Data for the task section start
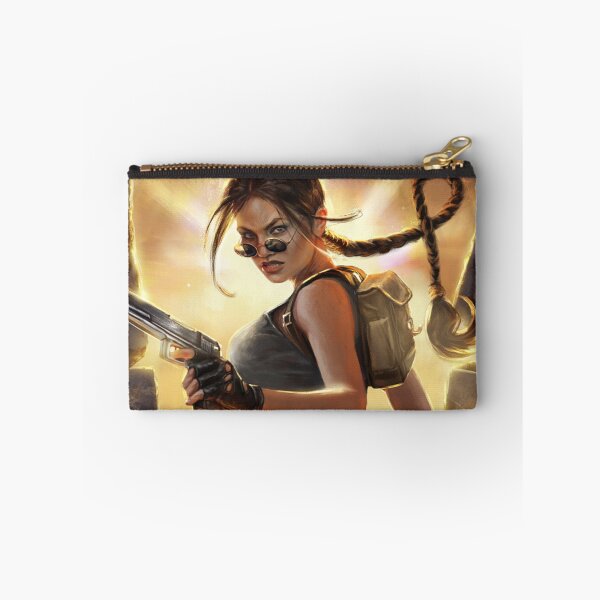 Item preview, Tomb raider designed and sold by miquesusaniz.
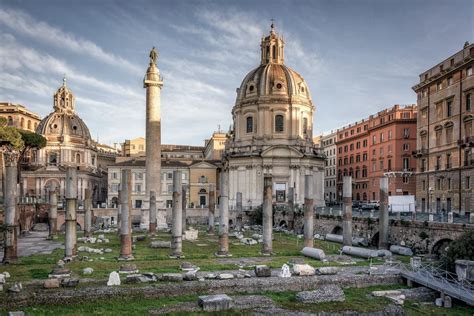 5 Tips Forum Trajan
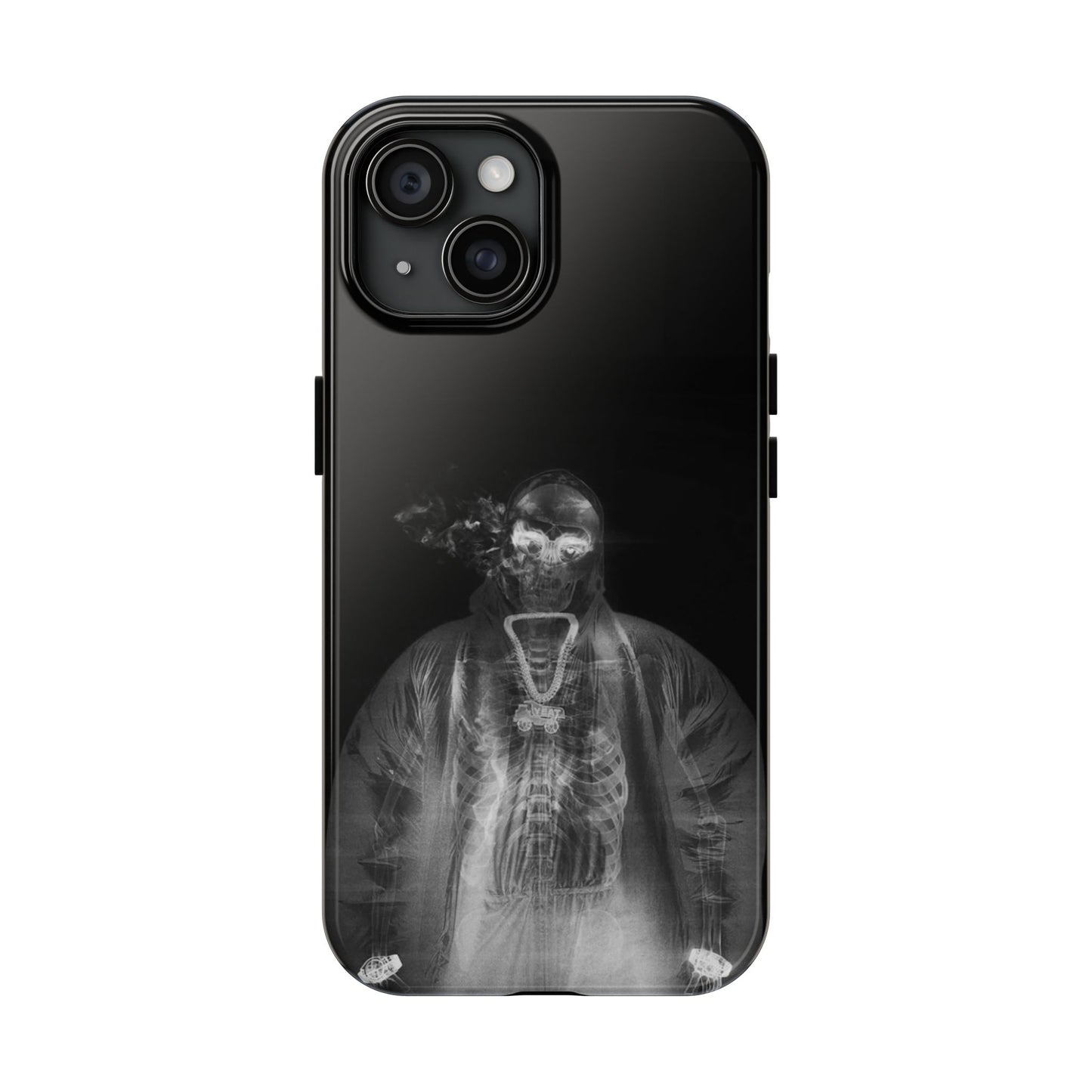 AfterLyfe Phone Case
Data for the task section end
Data for the task section start
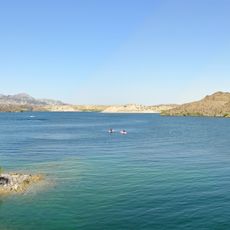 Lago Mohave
Data for the task section end
* **Your instructions**
Copy exactly the part of the material above that opens with the line containing "Item preview, Tomb" and closes with the line containing "AfterLyfe Phone Case", ends included. Drop the images.

* **Exercise result**
 Item preview, Tomb raider designed and sold by miquesusaniz.
 5 Tips Forum Trajan
 AfterLyfe Phone Case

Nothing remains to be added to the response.